Friday, May 4, 2012

Friday Links and Thoughts

Via Noah Smith, solar panels being used for fossil fuel production.  Will this make solar power more or less competitive vis a vis oil?  If it's true that solar panel technology still needs time to mature and that oil technology is already mature, it seems that the positive externalities from investing in solar for oil production may end up making solar more competitive vis a vis oil.

Debt concerns abound.  Ever since the crisis, CDS spreads have been widening among the 50 U.S. states, and the story for European countries?  That should be old news by now.

Via Karl Smith, another spin on the safe assets problem  How do we deepen capital, how do we save money? Without some riskless asset, the result may just be more and more bubbles.

Dutch politics may increasingly turn against the Eurozone.  This stands as a sobering lesson in hasty attempts at economic integration in domains that aren't sustainable.  It would be a shame if the troubles over the Eurozone end up sowing the seeds for the disintegration of other components of the E.U., such as the provisions for migration and agricultural policy.

A response to criticisms of venture capital.  Turns out that venture capital now isn't doing as poorly as the graphs circulated by Noah Smith would suggest.  Rather, performance is pretty close to what it was 3 decades ago.  Yet this still begs the question, are we in a prolonged period of stagnation?  What does it say about venture capital if the returns were not, and are not, that much better than the market.  Perhaps it's just the EMH borne out; we shouldn't expect excess returns anyways.

Variance among the Eurozone countries is quite high, even the Latin American countries are doing better.  Although I don't think that would be a reason to justify a currency union in Latin America: the limited standard deviations may be the cause of divergences as the result of a balancing mechanism between the countries.
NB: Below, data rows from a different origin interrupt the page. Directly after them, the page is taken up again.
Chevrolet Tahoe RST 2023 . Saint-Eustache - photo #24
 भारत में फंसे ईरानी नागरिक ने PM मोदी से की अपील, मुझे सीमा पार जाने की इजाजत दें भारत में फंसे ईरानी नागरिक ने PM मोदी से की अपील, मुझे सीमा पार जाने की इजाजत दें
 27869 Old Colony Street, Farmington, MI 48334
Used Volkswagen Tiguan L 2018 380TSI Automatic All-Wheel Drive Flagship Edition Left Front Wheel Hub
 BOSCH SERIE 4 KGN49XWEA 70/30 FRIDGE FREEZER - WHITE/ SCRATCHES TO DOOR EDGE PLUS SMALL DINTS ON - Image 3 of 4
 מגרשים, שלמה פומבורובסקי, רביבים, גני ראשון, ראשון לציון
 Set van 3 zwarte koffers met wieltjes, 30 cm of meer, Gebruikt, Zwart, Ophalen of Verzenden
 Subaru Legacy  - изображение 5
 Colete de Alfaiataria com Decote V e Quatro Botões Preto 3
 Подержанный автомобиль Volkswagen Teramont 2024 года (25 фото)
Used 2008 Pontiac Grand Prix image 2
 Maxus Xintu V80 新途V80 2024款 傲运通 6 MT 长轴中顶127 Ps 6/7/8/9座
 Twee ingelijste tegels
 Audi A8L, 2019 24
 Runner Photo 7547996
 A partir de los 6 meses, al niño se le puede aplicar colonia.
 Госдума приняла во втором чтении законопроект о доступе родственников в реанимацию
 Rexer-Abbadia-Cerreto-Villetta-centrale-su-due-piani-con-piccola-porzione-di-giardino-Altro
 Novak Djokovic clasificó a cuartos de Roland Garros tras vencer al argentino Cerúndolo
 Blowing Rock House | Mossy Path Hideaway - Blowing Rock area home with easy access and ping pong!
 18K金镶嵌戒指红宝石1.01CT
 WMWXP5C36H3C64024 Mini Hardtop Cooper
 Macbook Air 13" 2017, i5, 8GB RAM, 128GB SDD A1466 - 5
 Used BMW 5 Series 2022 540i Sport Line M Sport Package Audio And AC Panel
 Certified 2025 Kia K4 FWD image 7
Australia's credit bubble will be an interesting test of whether NGDP targeting holds.  The argument has always been that superb monetary policy on Australia's part fueled them through the great recession.  In theory, money should supercede the effects of credit, but we shall see.

A new form of shadow banking in the form of ETF's doing credit mediation.  How was financial regulation supposed to work again?

More on the Take-the-Best Heuristic model.  It turns out a simple rule is pretty good at predicting elections throughout history, especially when out of sample data is used to calibrate the data.  It's competitive with econometric models, which is quite impressive considering the hegemony of multiple regression.  Why isn't this statistical method used more often?

If LTRO is just a weird form of QE, why is the ECB so committed to using such a suboptimal tool?  Why can't the central bank just commit to a generally more expansionary monetary policy?

Credit is diverging from money in the Eurozone.  This seems to reflect my comment that monetary policy needs to look at more than stocks of M1 or M2 because money is defined on a continuum: it's regime dependent.

Austerity isn't the answer: version over 9000.  Debt consolidation isn't going anywhere; it just doesn't fix the relative price problem between the core and the periphery.

Old post from Brad on fiscal policy.  Good insights throughout.

Why is Japan's currency acting out so weird?  The implicit currency peg seems to be not working.